This debut album promises/threatens "a gallery of grotesquery" that combines ordinary tales of madness with surreal flights of fantasy.
The brains and brawn behind the band come from Natalie Sharp who was born in Cumbria but now plies her trade in London.
Sharp's elaborate costumes and eccentric body art has already given her theatrical live appearances a certain notoriety. One show was witnessed at Brudenell Social Club in Leeds by W&H's very own Chris Nosnibor and he described it as a "fucked up spectacle that will likely scar the audience for life".
Transferring such confrontational performance art to disc is a thankless task but her debut album manages to sound mad, manic and, above all, great fun.
The cover image of a painted mannequin head being force fed synthetic whipped cream is a pretty good visual representation of the sound.
Assisted by Philip Winter ("brute n bass") and Will Kwerk ("knob twiddling"), the analogue synths, crisp guitar riffs and pulsing drum beats mean that it is all highly mannered and manufactured yet also deliberately raw and unsophisticated.

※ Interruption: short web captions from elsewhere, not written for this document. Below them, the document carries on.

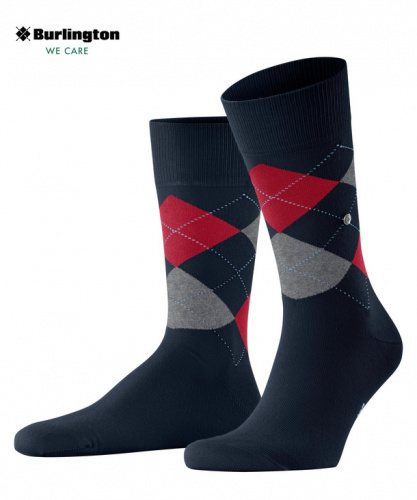 Носки мужские Men socks Burlington King (Размер: 40-46; Состав: хлопок 67%; полиамид 33%; Цвет: синий 6120;)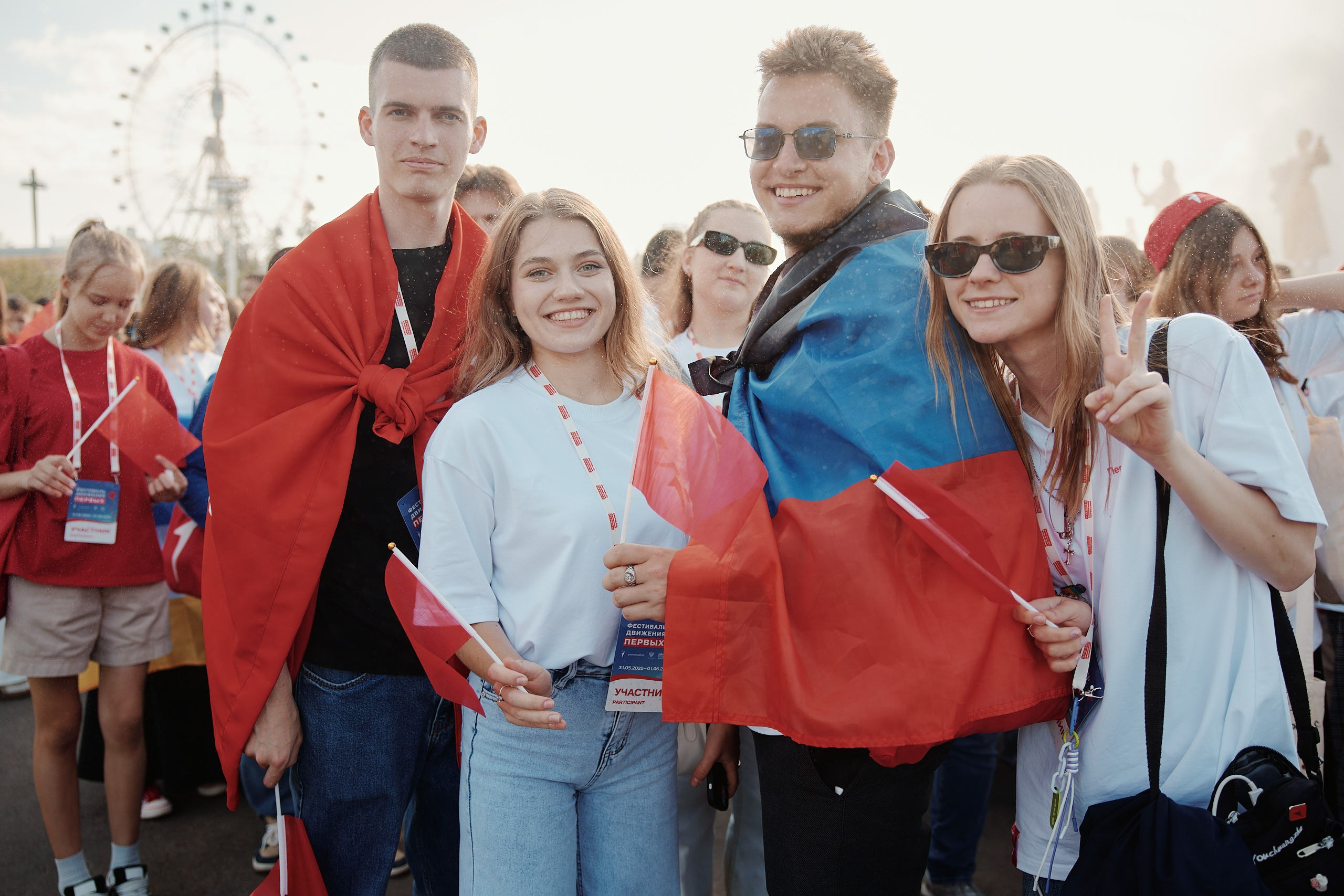 Фестиваль Движения Первых 2025. Репортажная съемка в Москве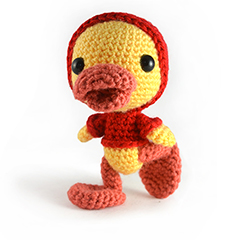 Puddles the duckling amigurumi pattern by sarsel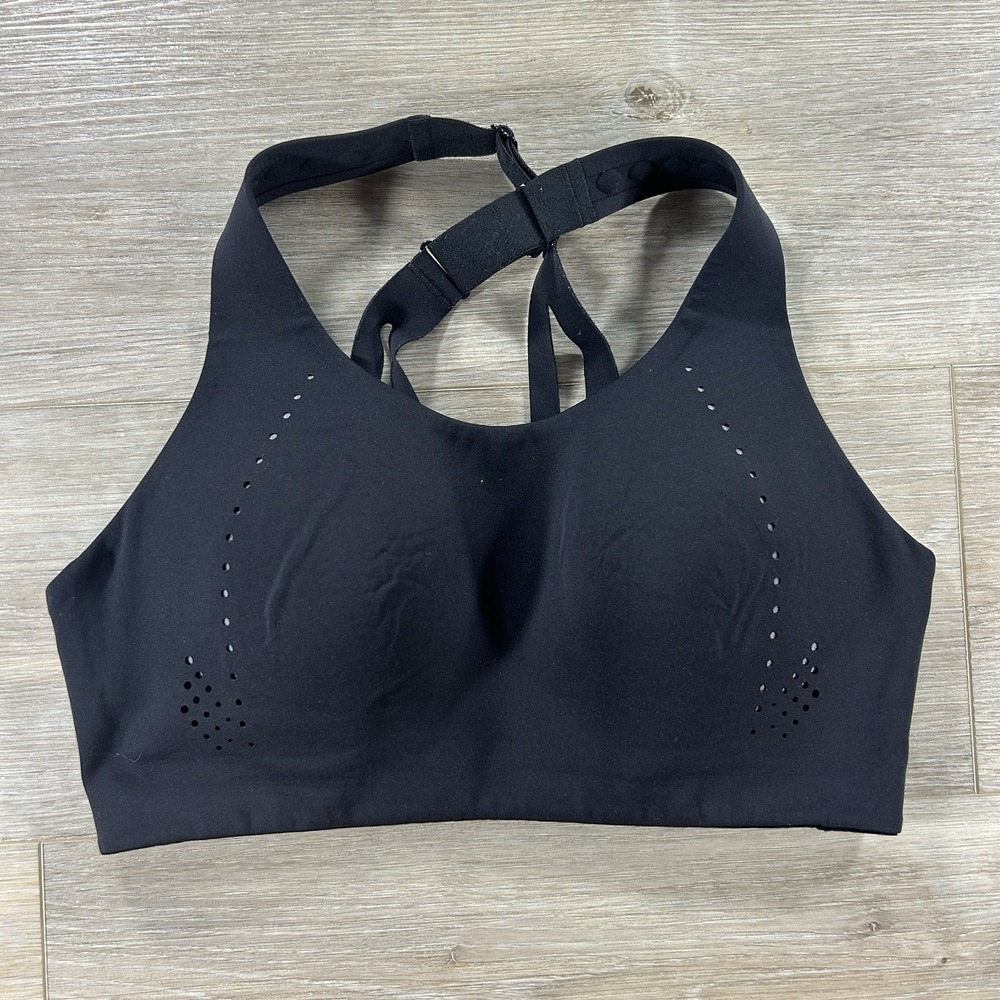 Lululemon 32D AirSupport Bra High Support In Black Adjustable Straps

The band's fetishistic elements can be gleaned from the list of interests on their Facebook page: "cream, slime, glue, frolicking and vibrating".
With vocals pitched somewhere Siouxsie Sioux and Lene Lovich the post punk details are also easy to identify.
The first two tracks - Home and Knicker Elastic - are excellent attention grabbers and, while the momentum established by these frenzied tunes is not always maintained, the rest is still highly entertaining.
The spoken word intro on Cornflakes is a welcome break from the plastic pop formula and the closing track : Hammered In Homebase is an arresting slice of dub disco that brings to mind The Slits.
It provides a fitting finale to this singular celebration of DIY indie-pop culture.